When her year of schooling was up and it was time for her to come home, my mom, dad and I were lucky enough to take a month long trip to visit her temporary home and host family.
And that is where my love for Thai food and its culture was born.
photo > foodiecrush
While living in Los Angeles, there were a few note-worthy Thai restaurants like my favorite —right next door to my offices on Larchmont Blvd. that served the BEST spicy garlic tofu EVER—but there were also tons of delicious Thai restaurants on nearly every corner. It was way too easy to order delivery at least once a week thanks to the Thai menus we’d find strapped to the front door or slyly slipped under the weathered welcome mat. And it was cheap, cheap, cheap. And good, good, good.
But where we live now we have a far more limited supply of Thai joints, and they’re more fancy than funky.
So when my husband found a link on his Facebook page from his friend Tom for Vegan Metal Chef’s Pad Thai recipe, we were inspired. And we laughed. And we were totally impressed by his original take on food blogging and using his sincere—yes, sincere—approach to promote veganism. And of course the awesomeness of his swarthy knife.
If you’re looking for a few options that aren’t vegan, check out the list of spicy coolio noodle recipes below.
photo > Koko Cooks
So we were in the mood for Pad Thai thanks to above-said Vegan Metal Chef, but most recipes call for tamarind, which we had none of. After doing some searching on the www., we found Koko Cooks’ recipe for Pad Thai and thanks to Suzanne, we didn’t miss the tamarind at all. We did add some fried tofu and sliced chili peppers, just cause we could.
photo > Savory Sweet Life
Averting the amateurish and probably American-inspired move of using ketchup in pad thai recipes, Alice’s recipe for Savory Sweet Life ‘s Pad Thai shares the secret of adding just a couple of tablespoons of sauce at a time to avoid a gloppy mess of rice noodles.

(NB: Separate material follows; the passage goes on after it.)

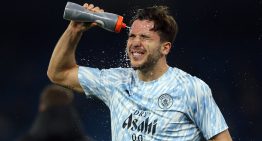 En vivo – Manchester City vs. Borussia Dortmund: 0 – 0, por la fecha 4 de la Champions League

photo > Yogi Studio/Jasmine Tea
Jasmine’s recipe for Pad Thai on Jasmine Tea uses a little wider noodle and her recipe for sweet mango smoothie is a nice foil to the spicey hits of the pad thai.
photo > Use Real Butter
Jen’s version of Pim’s Pad Thai makes for super easy assembly thanks to her step by step photos on Use Real Butter, making the stir-fry part of the recipe (in a frying pan instead of a wok) super simple to put together.